For agentic loops where the intermediate tool-call turns don't need to be shown to the user, non-streaming is simpler and equivalent in latency. Use streaming only for the final response turn, or use ADK's event stream which abstracts this distinction.

Monitoring MCP servers in Gemini pipelines

When an MCP server returns an error or is unreachable, the Gemini function calling loop receives an exception or an empty response from session.call_tool(). Neither maps to a clear Gemini-level error — from the model's perspective, it just sees a FunctionResponse with an error payload. The model may then try a different approach, ask the user for clarification, or loop on the error — burning inference tokens without making progress.

The most expensive failure mode: a temporarily slow MCP server (timeouts at 10+ seconds) in a parallel tool call batch causes the entire batch to wait for the slowest tool. If 5 tools are dispatched in parallel and one MCP server takes 12 seconds, the entire batch takes 12 seconds — even though the other 4 returned in 200 ms. AliveMCP surfaces latency degradation before it becomes a timeout: the response-time history shows when a server's P95 latency starts climbing, giving you time to investigate before the 10-second timeout cliff. For Gemini pipelines where parallel tool calls make latency outliers disproportionately expensive, this advance warning is the difference between a slow agent and a hanging one.

Frequently asked questions

Which Gemini models support function calling for MCP integration?

Gemini 2.0 Flash, Gemini 2.0 Flash-Lite, Gemini 1.5 Pro, and Gemini 1.5 Flash all support function calling. Gemini 2.0 Flash is the recommended model for MCP-backed agents: it's fast (low inference latency), cost-effective, and handles parallel tool calls well. Gemini 1.5 Pro has a larger context window (2M tokens) which is useful for agents that accumulate long tool-call conversation histories. Gemini models accessed via Vertex AI use the same function calling API through the google-cloud-aiplatform SDK.

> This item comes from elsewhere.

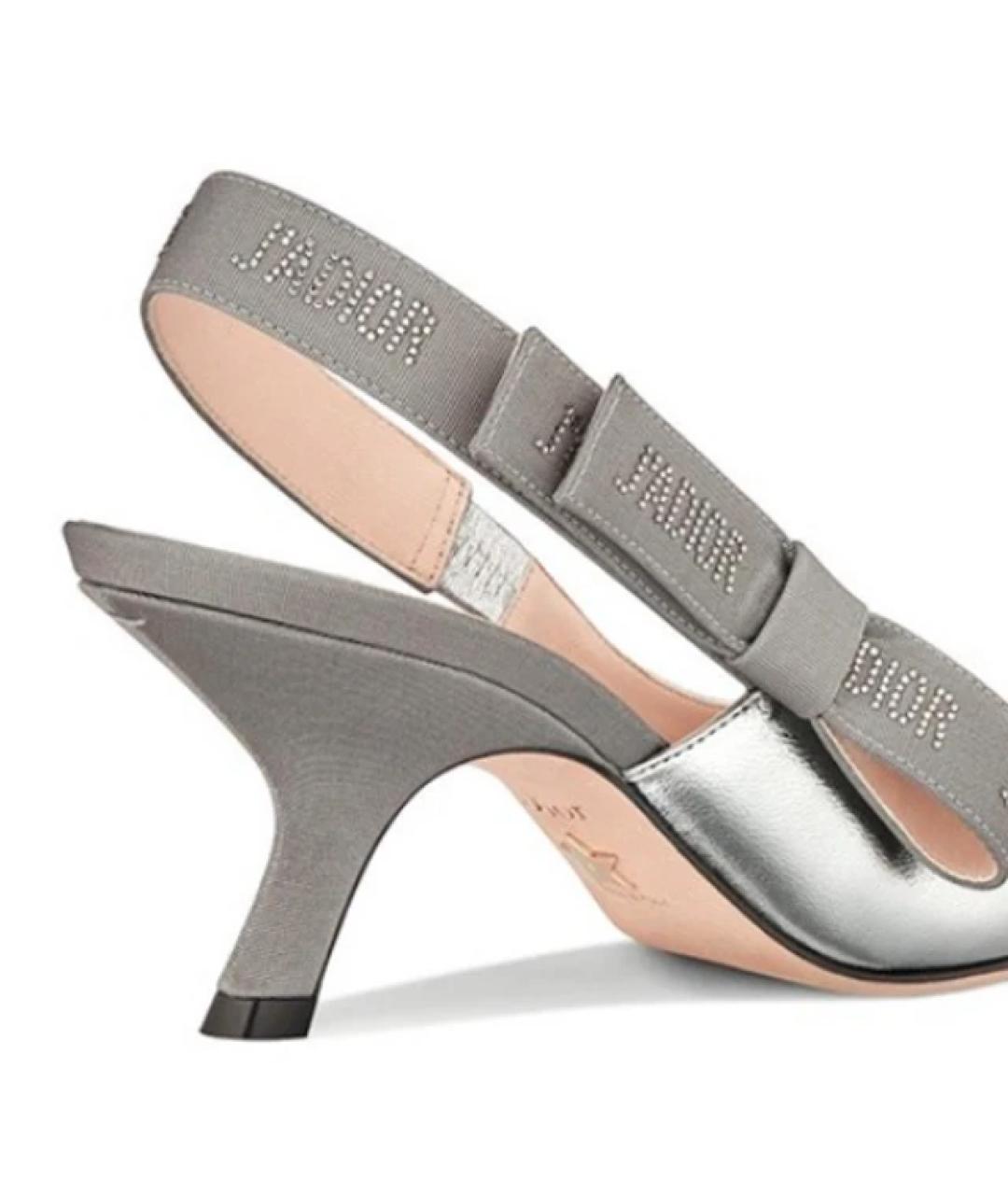 CHRISTIAN DIOR Серебряные кожаные туфли, фото 2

What's the difference between using google-genai SDK directly vs Google ADK for MCP?

The google-genai SDK gives you the raw API — you write the agent loop, manage conversation history, and handle retries yourself. It has zero framework opinions. Google ADK adds: session management (conversation persistence), multi-agent routing (sub-agents, handoffs), streaming event model, and built-in MCP support via MCPToolset. Use google-genai directly if you have a simple use case or need tight control over the agent loop. Use ADK if you want managed sessions, are building multi-agent systems, or want MCP to "just work" without adapter code.

Can I mix Gemini native tools and MCP tools in the same agent?

Yes. In the google-genai SDK, pass both native callable functions and FunctionDeclaration objects from MCP in the same types.Tool list. The SDK handles native function dispatch automatically (calling the Python function directly) while you handle MCP dispatch manually via the tool loop. In Google ADK, mix native FunctionTool instances and MCPToolset in the agent's tools list — ADK routes each tool call to the appropriate handler.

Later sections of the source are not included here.